Starting at the line with "Forex graph with" and going on through the line with "Cozy living room", reproduce each line in the records below exactly and nothing more.
(Beginning of Exercise input)
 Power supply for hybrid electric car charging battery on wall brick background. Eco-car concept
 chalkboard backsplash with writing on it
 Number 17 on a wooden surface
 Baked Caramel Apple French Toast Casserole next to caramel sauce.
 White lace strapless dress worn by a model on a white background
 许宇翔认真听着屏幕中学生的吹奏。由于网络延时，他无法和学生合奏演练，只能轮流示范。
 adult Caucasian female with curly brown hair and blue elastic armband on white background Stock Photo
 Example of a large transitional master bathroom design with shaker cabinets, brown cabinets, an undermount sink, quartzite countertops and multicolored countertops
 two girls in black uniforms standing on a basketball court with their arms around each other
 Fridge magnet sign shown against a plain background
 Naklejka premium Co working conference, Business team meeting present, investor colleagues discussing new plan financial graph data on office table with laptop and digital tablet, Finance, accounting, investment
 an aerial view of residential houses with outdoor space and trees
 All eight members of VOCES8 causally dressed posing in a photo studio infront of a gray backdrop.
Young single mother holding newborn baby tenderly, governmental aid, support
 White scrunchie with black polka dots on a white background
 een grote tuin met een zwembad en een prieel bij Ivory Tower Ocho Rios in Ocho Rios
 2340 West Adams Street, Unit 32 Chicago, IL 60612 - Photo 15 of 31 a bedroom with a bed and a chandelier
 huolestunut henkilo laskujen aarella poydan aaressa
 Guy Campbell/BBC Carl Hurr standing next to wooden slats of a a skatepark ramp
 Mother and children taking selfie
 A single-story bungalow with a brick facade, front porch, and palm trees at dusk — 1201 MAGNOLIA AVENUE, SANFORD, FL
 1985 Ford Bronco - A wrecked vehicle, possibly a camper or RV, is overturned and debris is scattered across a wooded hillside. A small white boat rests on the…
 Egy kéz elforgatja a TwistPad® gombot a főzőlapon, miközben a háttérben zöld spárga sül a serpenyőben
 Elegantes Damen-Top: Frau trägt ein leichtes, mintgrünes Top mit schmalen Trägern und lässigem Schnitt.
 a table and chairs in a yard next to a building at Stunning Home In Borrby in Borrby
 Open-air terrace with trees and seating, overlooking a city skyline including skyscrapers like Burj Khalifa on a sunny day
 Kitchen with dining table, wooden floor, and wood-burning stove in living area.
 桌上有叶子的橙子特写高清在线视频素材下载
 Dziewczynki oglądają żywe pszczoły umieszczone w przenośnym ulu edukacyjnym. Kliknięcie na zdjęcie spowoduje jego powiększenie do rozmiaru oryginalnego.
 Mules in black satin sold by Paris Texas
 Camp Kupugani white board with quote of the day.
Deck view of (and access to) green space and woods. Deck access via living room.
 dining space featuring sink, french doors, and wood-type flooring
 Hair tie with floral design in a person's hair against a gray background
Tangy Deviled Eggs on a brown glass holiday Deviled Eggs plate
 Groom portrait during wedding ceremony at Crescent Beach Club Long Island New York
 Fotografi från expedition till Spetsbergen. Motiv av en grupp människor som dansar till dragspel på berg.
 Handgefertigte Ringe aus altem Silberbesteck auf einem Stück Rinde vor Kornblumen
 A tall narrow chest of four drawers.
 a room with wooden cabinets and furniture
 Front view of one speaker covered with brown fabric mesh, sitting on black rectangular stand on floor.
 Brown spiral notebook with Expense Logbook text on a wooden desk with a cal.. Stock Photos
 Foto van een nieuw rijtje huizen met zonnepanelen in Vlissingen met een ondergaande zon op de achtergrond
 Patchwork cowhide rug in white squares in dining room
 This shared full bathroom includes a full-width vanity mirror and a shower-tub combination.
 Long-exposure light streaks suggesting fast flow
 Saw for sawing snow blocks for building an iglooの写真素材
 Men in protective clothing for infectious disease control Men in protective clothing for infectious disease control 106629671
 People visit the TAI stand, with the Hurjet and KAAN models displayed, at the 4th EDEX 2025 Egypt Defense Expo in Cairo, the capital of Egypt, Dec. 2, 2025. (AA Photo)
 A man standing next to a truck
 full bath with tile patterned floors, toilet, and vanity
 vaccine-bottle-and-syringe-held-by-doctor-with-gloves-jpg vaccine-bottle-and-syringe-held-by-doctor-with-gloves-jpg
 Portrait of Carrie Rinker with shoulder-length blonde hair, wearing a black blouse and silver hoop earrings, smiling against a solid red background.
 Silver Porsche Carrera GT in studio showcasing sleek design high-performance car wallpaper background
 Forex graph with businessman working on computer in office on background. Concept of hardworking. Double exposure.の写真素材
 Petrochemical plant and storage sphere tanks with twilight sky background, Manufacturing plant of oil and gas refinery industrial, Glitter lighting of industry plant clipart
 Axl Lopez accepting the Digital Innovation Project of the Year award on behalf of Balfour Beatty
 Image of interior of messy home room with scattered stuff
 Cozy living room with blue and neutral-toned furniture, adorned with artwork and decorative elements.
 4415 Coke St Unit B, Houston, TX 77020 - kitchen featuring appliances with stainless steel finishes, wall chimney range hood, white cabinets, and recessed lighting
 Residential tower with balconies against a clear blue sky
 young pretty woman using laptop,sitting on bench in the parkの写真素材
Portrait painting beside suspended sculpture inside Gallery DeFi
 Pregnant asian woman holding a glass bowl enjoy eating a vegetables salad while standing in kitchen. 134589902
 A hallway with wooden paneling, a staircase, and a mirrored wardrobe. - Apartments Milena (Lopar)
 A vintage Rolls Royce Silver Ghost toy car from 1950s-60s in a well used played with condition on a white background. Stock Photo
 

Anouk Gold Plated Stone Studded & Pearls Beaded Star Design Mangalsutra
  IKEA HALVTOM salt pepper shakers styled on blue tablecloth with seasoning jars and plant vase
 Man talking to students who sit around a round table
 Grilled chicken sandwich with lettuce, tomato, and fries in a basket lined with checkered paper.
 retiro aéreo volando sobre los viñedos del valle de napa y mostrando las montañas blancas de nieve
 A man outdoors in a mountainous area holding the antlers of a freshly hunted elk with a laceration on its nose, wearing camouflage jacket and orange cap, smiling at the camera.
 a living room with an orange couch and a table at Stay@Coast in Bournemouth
(End of Exercise input)
* [Exercise solution]:
 Forex graph with businessman working on computer in office on background. Concept of hardworking. Double exposure.の写真素材
 Petrochemical plant and storage sphere tanks with twilight sky background, Manufacturing plant of oil and gas refinery industrial, Glitter lighting of industry plant clipart
 Axl Lopez accepting the Digital Innovation Project of the Year award on behalf of Balfour Beatty
 Image of interior of messy home room with scattered stuff
 Cozy living room with blue and neutral-toned furniture, adorned with artwork and decorative elements.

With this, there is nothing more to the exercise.